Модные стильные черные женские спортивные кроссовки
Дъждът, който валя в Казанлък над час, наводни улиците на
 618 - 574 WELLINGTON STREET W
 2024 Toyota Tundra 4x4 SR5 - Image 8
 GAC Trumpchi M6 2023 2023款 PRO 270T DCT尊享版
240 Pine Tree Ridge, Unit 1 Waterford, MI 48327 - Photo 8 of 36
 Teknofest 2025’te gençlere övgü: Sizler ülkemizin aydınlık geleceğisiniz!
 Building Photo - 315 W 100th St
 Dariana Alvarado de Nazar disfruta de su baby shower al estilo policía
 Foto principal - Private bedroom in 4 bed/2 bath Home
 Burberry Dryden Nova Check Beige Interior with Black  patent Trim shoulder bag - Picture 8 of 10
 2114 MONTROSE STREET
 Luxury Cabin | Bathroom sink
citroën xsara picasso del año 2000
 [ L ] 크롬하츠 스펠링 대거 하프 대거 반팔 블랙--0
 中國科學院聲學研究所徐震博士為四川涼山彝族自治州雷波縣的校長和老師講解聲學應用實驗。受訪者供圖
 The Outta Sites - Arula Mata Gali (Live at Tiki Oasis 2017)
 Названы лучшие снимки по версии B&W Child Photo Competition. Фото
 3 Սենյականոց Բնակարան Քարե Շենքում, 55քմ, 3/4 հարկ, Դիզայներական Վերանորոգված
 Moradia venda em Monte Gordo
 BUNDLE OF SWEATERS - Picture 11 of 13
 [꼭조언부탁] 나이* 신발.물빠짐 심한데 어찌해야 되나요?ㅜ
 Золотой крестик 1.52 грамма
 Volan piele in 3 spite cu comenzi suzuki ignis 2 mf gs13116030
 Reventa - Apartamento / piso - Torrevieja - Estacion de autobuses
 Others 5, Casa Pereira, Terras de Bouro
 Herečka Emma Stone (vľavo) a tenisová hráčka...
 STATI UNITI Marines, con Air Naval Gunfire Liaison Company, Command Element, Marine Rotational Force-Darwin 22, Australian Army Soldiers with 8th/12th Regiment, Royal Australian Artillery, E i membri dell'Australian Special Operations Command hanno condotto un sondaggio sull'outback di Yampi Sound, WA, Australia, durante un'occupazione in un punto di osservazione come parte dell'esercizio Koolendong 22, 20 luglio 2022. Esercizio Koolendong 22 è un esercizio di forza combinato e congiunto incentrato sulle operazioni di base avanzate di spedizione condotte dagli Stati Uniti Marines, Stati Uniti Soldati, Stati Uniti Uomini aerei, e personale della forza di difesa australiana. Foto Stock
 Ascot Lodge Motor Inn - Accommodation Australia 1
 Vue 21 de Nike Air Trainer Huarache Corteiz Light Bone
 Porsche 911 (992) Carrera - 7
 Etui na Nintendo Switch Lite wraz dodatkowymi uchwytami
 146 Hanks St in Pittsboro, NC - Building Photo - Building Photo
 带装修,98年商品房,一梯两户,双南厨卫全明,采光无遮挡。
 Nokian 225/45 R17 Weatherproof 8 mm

§ WORK INSTRUCTION: Line by line, print the listing above exactly.

§ SOLUTION TO THIS PROBLEM:
Модные стильные черные женские спортивные кроссовки
Дъждът, който валя в Казанлък над час, наводни улиците на
 618 - 574 WELLINGTON STREET W
 2024 Toyota Tundra 4x4 SR5 - Image 8
 GAC Trumpchi M6 2023 2023款 PRO 270T DCT尊享版
240 Pine Tree Ridge, Unit 1 Waterford, MI 48327 - Photo 8 of 36
 Teknofest 2025’te gençlere övgü: Sizler ülkemizin aydınlık geleceğisiniz!
 Building Photo - 315 W 100th St
 Dariana Alvarado de Nazar disfruta de su baby shower al estilo policía
 Foto principal - Private bedroom in 4 bed/2 bath Home
 Burberry Dryden Nova Check Beige Interior with Black  patent Trim shoulder bag - Picture 8 of 10
 2114 MONTROSE STREET
 Luxury Cabin | Bathroom sink
citroën xsara picasso del año 2000
 [ L ] 크롬하츠 스펠링 대거 하프 대거 반팔 블랙--0
 中國科學院聲學研究所徐震博士為四川涼山彝族自治州雷波縣的校長和老師講解聲學應用實驗。受訪者供圖
 The Outta Sites - Arula Mata Gali (Live at Tiki Oasis 2017)
 Названы лучшие снимки по версии B&W Child Photo Competition. Фото
 3 Սենյականոց Բնակարան Քարե Շենքում, 55քմ, 3/4 հարկ, Դիզայներական Վերանորոգված
 Moradia venda em Monte Gordo
 BUNDLE OF SWEATERS - Picture 11 of 13
 [꼭조언부탁] 나이* 신발.물빠짐 심한데 어찌해야 되나요?ㅜ
 Золотой крестик 1.52 грамма
 Volan piele in 3 spite cu comenzi suzuki ignis 2 mf gs13116030
 Reventa - Apartamento / piso - Torrevieja - Estacion de autobuses
 Others 5, Casa Pereira, Terras de Bouro
 Herečka Emma Stone (vľavo) a tenisová hráčka...
 STATI UNITI Marines, con Air Naval Gunfire Liaison Company, Command Element, Marine Rotational Force-Darwin 22, Australian Army Soldiers with 8th/12th Regiment, Royal Australian Artillery, E i membri dell'Australian Special Operations Command hanno condotto un sondaggio sull'outback di Yampi Sound, WA, Australia, durante un'occupazione in un punto di osservazione come parte dell'esercizio Koolendong 22, 20 luglio 2022. Esercizio Koolendong 22 è un esercizio di forza combinato e congiunto incentrato sulle operazioni di base avanzate di spedizione condotte dagli Stati Uniti Marines, Stati Uniti Soldati, Stati Uniti Uomini aerei, e personale della forza di difesa australiana. Foto Stock
 Ascot Lodge Motor Inn - Accommodation Australia 1
 Vue 21 de Nike Air Trainer Huarache Corteiz Light Bone
 Porsche 911 (992) Carrera - 7
 Etui na Nintendo Switch Lite wraz dodatkowymi uchwytami
 146 Hanks St in Pittsboro, NC - Building Photo - Building Photo
 带装修,98年商品房,一梯两户,双南厨卫全明,采光无遮挡。
 Nokian 225/45 R17 Weatherproof 8 mm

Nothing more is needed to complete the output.